TQW Magazin
Julischka Stengele on S_P_I_T_ day 1: Flávia Mudesto, Leandro Barros, Stella Myraf & Theo Emil Krausz, Rebecca Merlic


S_P_I_T_ is the title of the format, but the body fluid of the evening is another. The fourth edition of the festival begins in front of the main entrance to Tanzquartier Wien for the first time. I and the many other people sticky with sweat, who have made it here through the sultry heat of the city, are standing in the passageway, enjoying the first, unexpected choreography of the evening: the gentle breeze sweeping through to cool us off.

But the wind brings even more delights with it, namely the sweet scent of fried onions. From one affectionate embrace to another and one quick chat to the next, I make my way to its source bit by bit and find myself standing in front of a food stall with friendly faces behind silver heat containers. Eat Meat Politically is the name of Flávia Mudesto’s project.

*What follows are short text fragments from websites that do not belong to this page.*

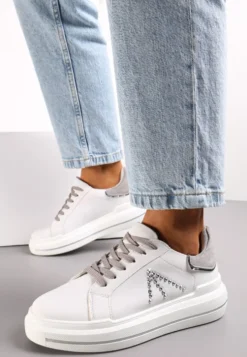 Biało-Szare Sneakersy w Cyrkonie na Grubej Podeszwie Nicala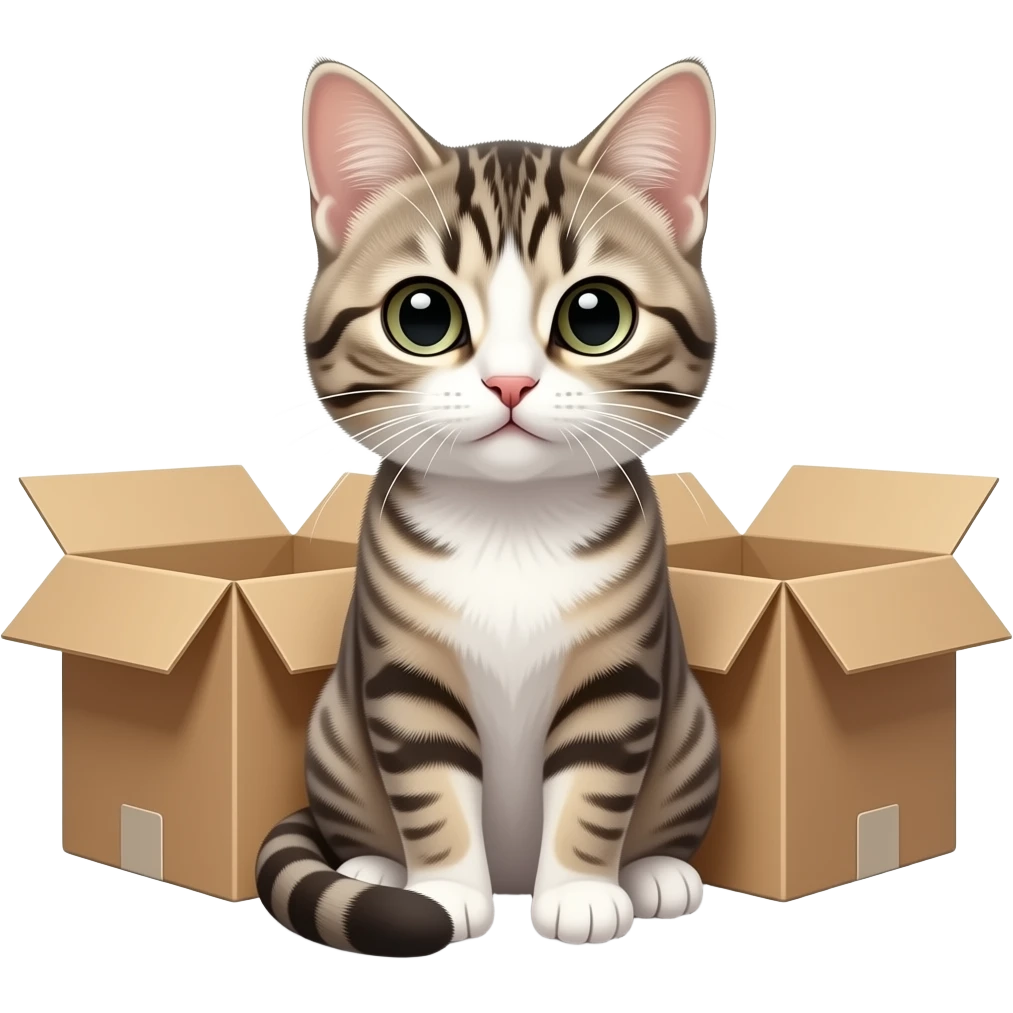 tiny cat sitting between 2 boxes emoji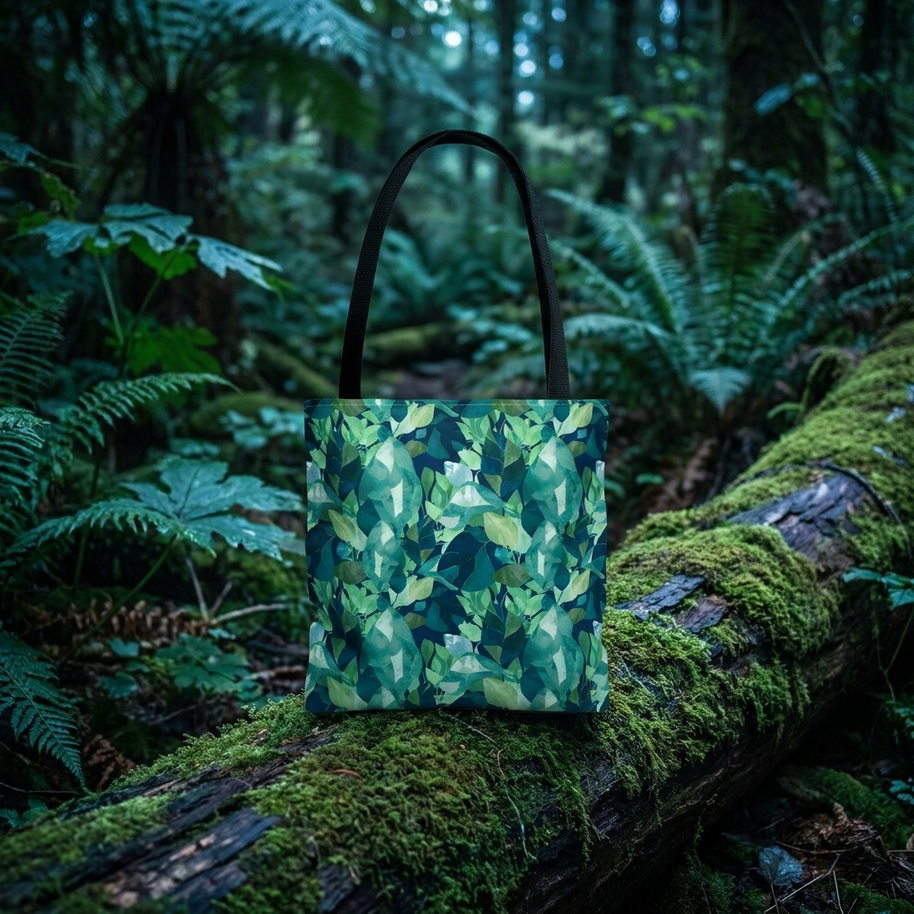 Botanical Leaves with Navy - Tote Bag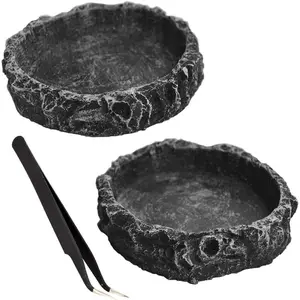 2PCS Reptile Water Dish Food Bowl Set with Feeding Tweezers Tong for Leopard Gecko Lizard Frog Snake Chameleon Tortoise Style 1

I am the kind of person who loses her appetite whenever food is moralised over. The answers and countermeasures to systemic problems such as industrial mass production and exploitation of the earth, humans and animals are neither to be found on the plates of individual consumers nor in their purchasing decisions. Moreover, as is so often the case, a latent question of class lurks in this train of thought: meat substitutes are often twice as expensive as meat. But no one needs to worry about that today because the food is, in fact, provided for free! Now that’s what I call a political statement!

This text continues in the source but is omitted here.